Thanks for what you do. You are a good person.
Deferred maintenance is so dangerous, but I understand how it happens. To many people, cars are appliances that are driven until they just don’t work. They don’t maintain their refrigerator, so why maintain the car? This supports the need for basic automotive education and annual safety inspections.
One of my kids has zero interest in anything automotive (or, anything mechanical for that matter). But, I made sure she knows what to pay attention to, and what to maintain. My point to her was that having even basic automotive knowledge will ensure that she is safe, and not taken advantage of when she goes to a shop.
At least if the car would have had AWD, the customer would have been perfectly safe. /S
These silly vehicular things we love are no doubt the bane of other people’s monetary existence.
In the past year or so, I kept my ex-roommate’s car away from expensive shop inspections and repairs by 1.) getting a free autozone CEL code reading; 2.) replacing the coolant temp sensor (which did require my purchasing of a couple new tools, but who doesn’t like adding tools to their armory?!); and 3.) replacing the rear windshield wiper motor when she accidentally backed up into an obstruction when the hatch was open.
Beyond the actual cost of having a shop do these repairs, her work schedule was absurd, so being able to handle these things in the evenings or on one of her rare days off is just another way in which she wasn’t sacrificing hours she would have spent getting paid on having to coordinate all these different incidents with a shop.
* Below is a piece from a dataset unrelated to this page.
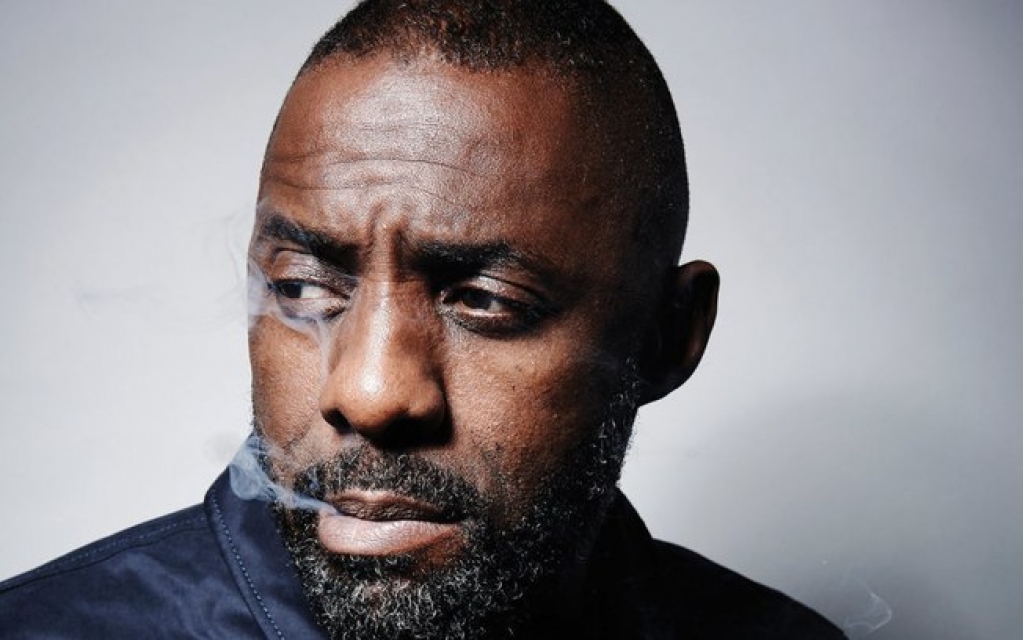 Idris Elba sugere quarentena anual para "lembrar" pandemia de Covid-19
Props to Willie for going that extra mile for this customer!
What I find amazing is that the rotor is gone but the brake pads are still there. I would have thought the pads would wear through before the rotors would. Got to wonder if he didn’t have some extremely cheap off-shore rotors installed.
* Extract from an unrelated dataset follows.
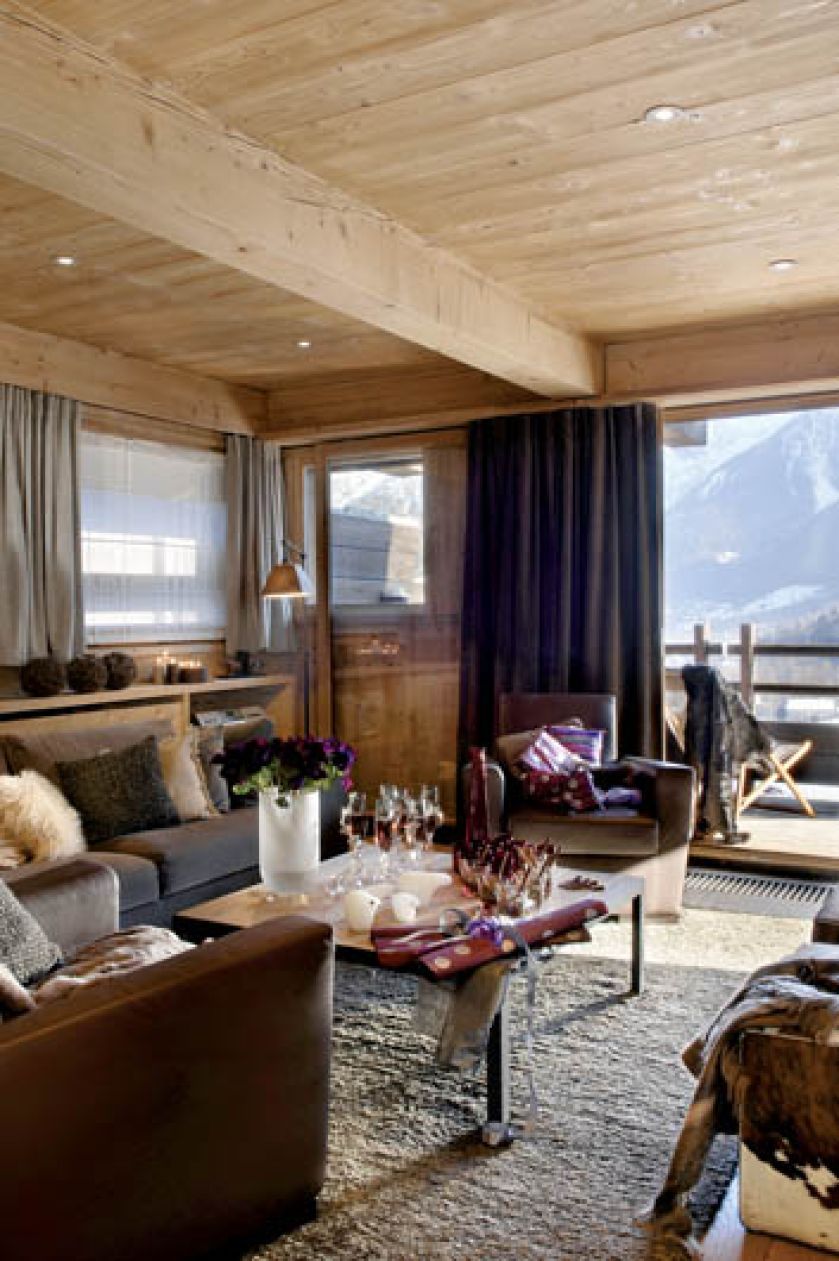 Z salonu rozpościera się wspaniały widok na Mont Blanc.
These brakes look seriously scary and I have no idea how or why someone would drive around in a car with no functioning brakes.
I will admit to misjudging brake wear but that was frame of reference. I was actually replacing the pads and rotors on my car, looked at the 1/4″ of friction material remaining and said “plenty of meat there” because I was accustomed to bicycle disc brakes where a new pad has about 2mm of friction material. Then I took the new pads out of the box and saw how thick they were. In my defense I hadn’t worked on a car’s brakes in about 20 years so I expected brake calipers to be the size of kumquats and brake pads thinner than oreos.
45 per hour is stupid cheap, local mobile guys are 125 or 150 per hr the same as shops- but they seem to have less demand- maybe the minus 29 weather has something to do with that
$45 an hour was cheap in 1998
I fully agree the vehicle needed to be disabled here. I don’t see why it was necessary to use such a confrontational method though.
Did the owner initially refuse the repairs?
Only if there was a outright refusal would I use this method.
In any case, I would explain to the owner that as a licensed tech I would be liable if I were to allow the vehicle to be driven, and furthermore, I have a genuine concern for theirs and their children’s safety.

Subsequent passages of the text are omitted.